Mar. 13, 2017: Statement of Betsy Ryan, New Jersey Hospital Association President and CEO, on the Congressional Budget Office’s Analysis of the American Health Care Act


Fourteen million Americans – more than half of those covered under the Affordable Care Act – would lose health insurance coverage next year if the American Health Care Act should become law. That is a tremendous human cost.

This information only reaffirms our position expressed to members of New Jersey’s congressional delegation last week that the New Jersey Hospital Association cannot support this bill. The price is simply too high for the healthcare providers we represent and the people they care for.

The impact of the law, as revealed today by the nonpartisan Congressional Budget Office, would return our country to the dark days where the nation’s uninsured rate reached double digits and millions of families didn’t have access to primary and preventive care.

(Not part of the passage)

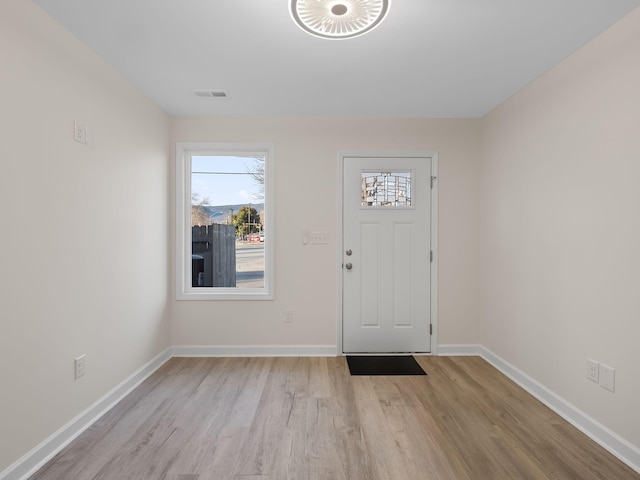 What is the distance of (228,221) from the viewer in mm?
3656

That means a less healthy population and higher healthcare costs. It also means that healthcare providers will once again carry the burden of providing safety-net care. The impact will be borne by all healthcare consumers and taxpayers who will experience cost shifts to pay for that care.

NJHA is still reviewing the details of the CBO’s analysis, but we are especially concerned to see that the measure would reduce federal funding to the Medicaid program by $880 billion, including eliminating the Medicaid expansion and shifting to per-capita caps. That translates into a significant reduction for our state and far-reaching impacts for Medicaid beneficiaries including senior citizens, the disabled, families below the poverty level and the working poor. We can expect to see a dramatic spike in charity care services and a flood of uninsured patients in our emergency rooms.